> **Problem description**
Take the lines from the one with "FR Window with Mirror - snyders.furniture" through the end of the material below and repeat them exactly, dropping every picture.

> **Given material**
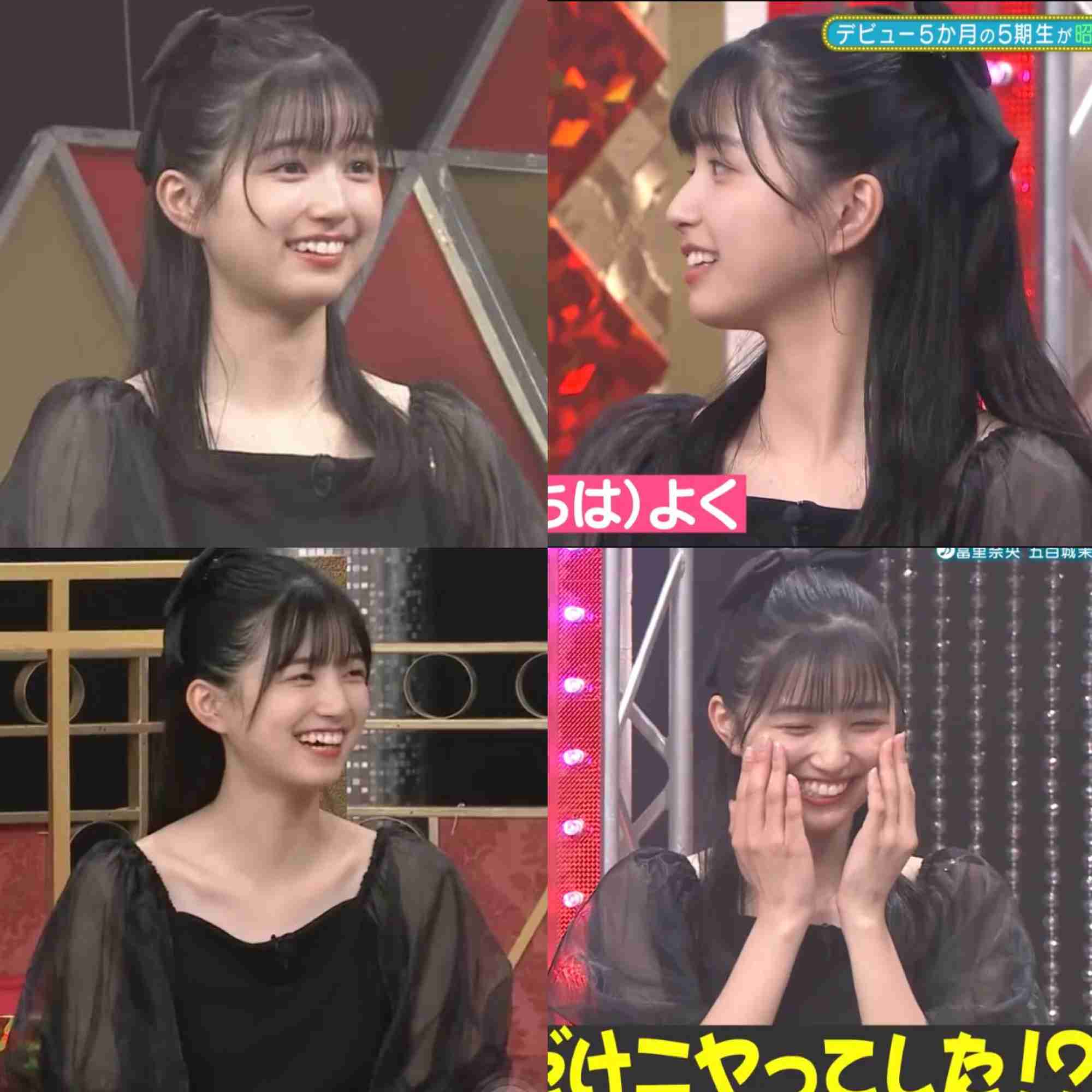 そろそろ乃木坂46五期生を語りたい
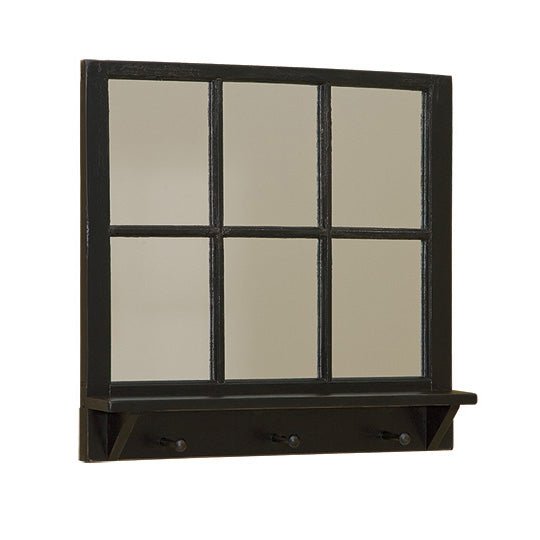 FR Window with Mirror - snyders.furniture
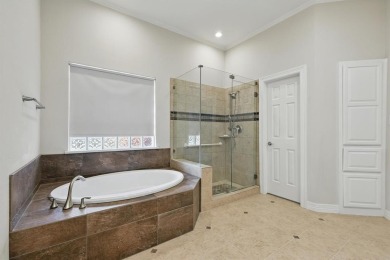 Located in Riverchase Estates on a corner lot, this 4 bedroom, 3 on Riverchase Golf Club in Texas - for sale on GolfHomes.com, golf home, golf lot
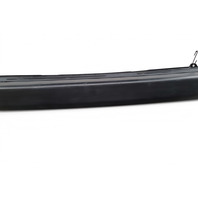 Honda Element 05-08 Rear Bumper Plastic Textured 04715-SCV-A80ZC, E076, OEM, 2005, 2006, 2007, 2008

> **Solved exercise**
 FR Window with Mirror - snyders.furniture
 Located in Riverchase Estates on a corner lot, this 4 bedroom, 3 on Riverchase Golf Club in Texas - for sale on GolfHomes.com, golf home, golf lot
 Honda Element 05-08 Rear Bumper Plastic Textured 04715-SCV-A80ZC, E076, OEM, 2005, 2006, 2007, 2008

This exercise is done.